Pokrovsk serves as a crucial road and rail hub in Ukraine's eastern Donetsk region. Before the war, it housed approximately 60,000 residents, but now most have evacuated, with all children relocated and few civilians remaining. The city sits on an essential road utilized by Ukrainian military operations.
Located just six miles west of Pokrovsk is Ukraine's only coking coal mine, vital to the country's once-thriving steel industry. Ukrainian steelmaker Metinvest announced in January that mining operations there had been suspended. The region's largest and oldest technical university in Pokrovsk now stands abandoned after sustaining damage from shelling.
Russia aims to control the entire Donbas region, comprising Luhansk and Donetsk provinces. Ukraine still maintains control over roughly 10 percent of Donbas – approximately 5,000 square kilometers in western Donetsk. Russian President Vladimir Putin claims Donbas is legally Russian territory, though Kyiv and Western nations reject this assertion as an illegal territorial annexation.
Seizing Pokrovsk, dubbed "the gateway to Donetsk" in Russian media, along with Kostiantynivka to its northeast, would provide Moscow a strategic platform to advance northward toward Kramatorsk and Sloviansk – the two largest remaining Ukrainian-controlled cities in Donetsk. Controlling Pokrovsk would further disrupt Ukrainian supply lines along the eastern front and strengthen Russia's ongoing campaign to capture Chasiv Yar, which occupies higher ground offering potential control over a wider area.
The capture would also expand Russia's options for attacking Ukraine's Dnipropetrovsk region to the west, an area not officially claimed by Moscow, though Russia reports establishing a small foothold there.
Russia has threatened Pokrovsk for over a year but has employed different tactics compared to the frontal assaults used in places like Bakhmut. Instead, Russian forces implemented a pincer movement to nearly completely surround Pokrovsk and threaten Ukrainian supply lines, while deploying small units and drones to disrupt logistics and create chaos behind Ukrainian positions.

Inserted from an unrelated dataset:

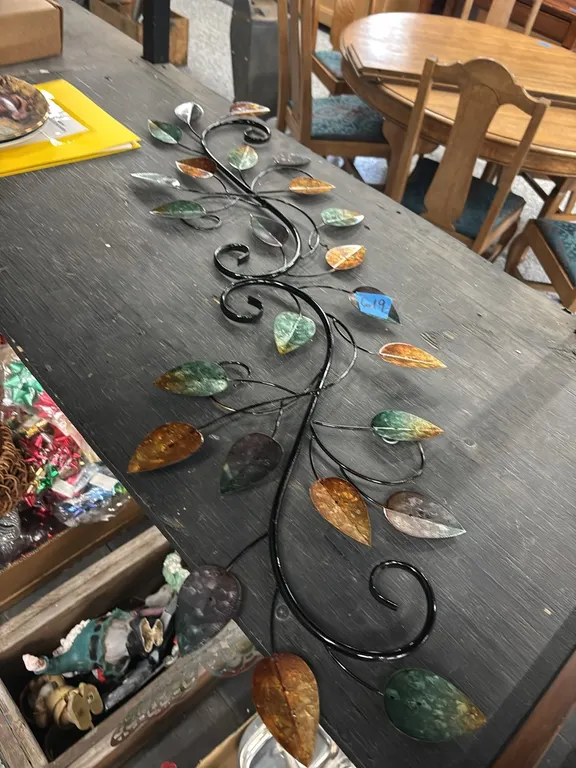 METAL VINE WITH LEAVES WALL DECORATION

This strategy effectively created what Russian military bloggers describe as a "grey zone" of ambiguity within the city, where neither side maintained full control, but which proved extremely difficult and costly for Ukraine to defend.

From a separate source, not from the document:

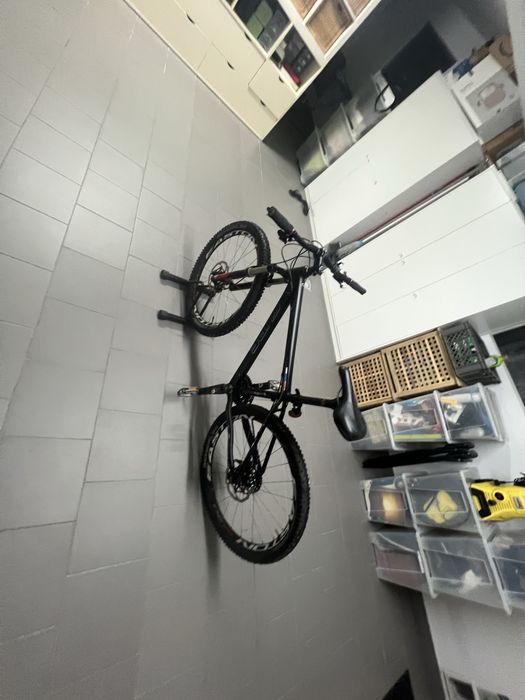Bicicleta Cube em Carbono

Fully clearing both Pokrovsk and nearby Myrnohrad may require additional time, potentially delaying Russia's formal announcement of capture. Ukraine's incursion into Russia's Kursk region last year also slowed the Russian offensive on Pokrovsk.
Ukraine has hurriedly reinforced its positions in the city. President Volodymyr Zelenskiy acknowledged on Sunday that "fierce fighting" was occurring in and around the city, with logistics becoming increasingly difficult, but emphasized the need to continue "destroying the occupiers."

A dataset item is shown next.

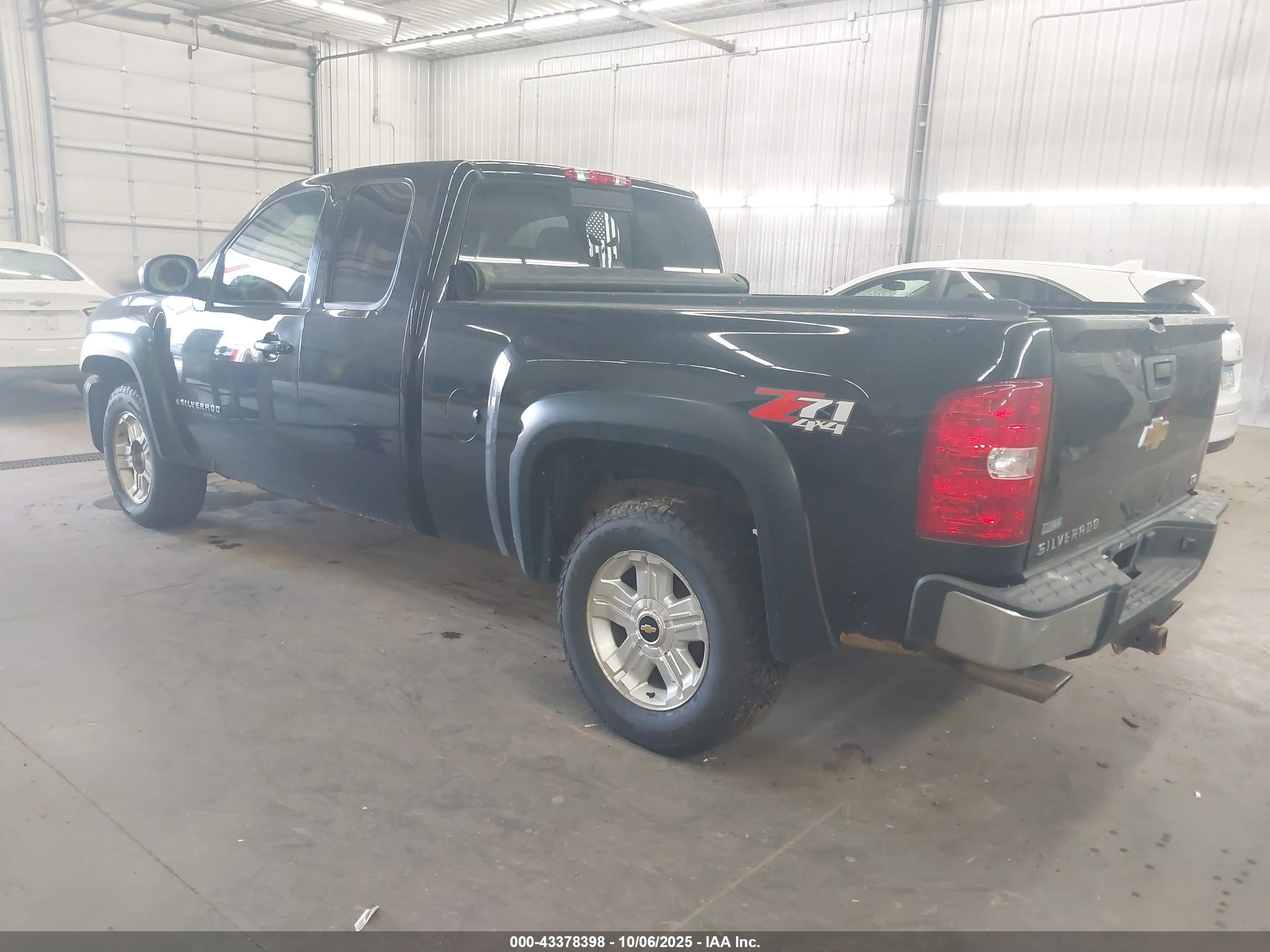 CHEVROLET SILVERADO image 3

Russia's Chief of the General Staff, Valery Gerasimov, informed Putin on Sunday that Russian forces had blocked a significant number of Ukrainian soldiers in the area. Russian bloggers claim Ukraine has withdrawn its elite units from the region.
The pro-Ukrainian DeepState war blogger reported that Russian forces continued infiltrating the city, describing the situation in Pokrovsk as "on the verge of critical" and deteriorating to a point where "it may be too late to fix."
Russia's military currently claims control over more than 19 percent of Ukraine, approximately 116,000 square kilometers. Gerasimov also reported to Putin that Russian forces are threatening Kupiansk in Ukraine's Kharkiv region and advancing in the Dnipropetrovsk and Zaporizhzhia regions.
Russian advances toward Zaporizhzhia city suggest Moscow's current plans include capturing the entire region. Russia classifies Crimea, Luhansk, Donetsk, Zaporizhzhia, and Kherson as subjects of the Russian Federation, while Kyiv maintains they are all Ukrainian territory.
Most countries do not recognize these areas as Russian territory, though Syria, North Korea, and Nicaragua have recognized Moscow's annexation of Crimea. The United Nations General Assembly declared the Crimean annexation illegal in 2014, recognizing it as part of Ukraine.
Putin has accused Western nations of double standards for recognizing Kosovo's 2008 independence against Serbia's wishes while opposing Crimea's recognition. Russia opposed Kosovo's independence.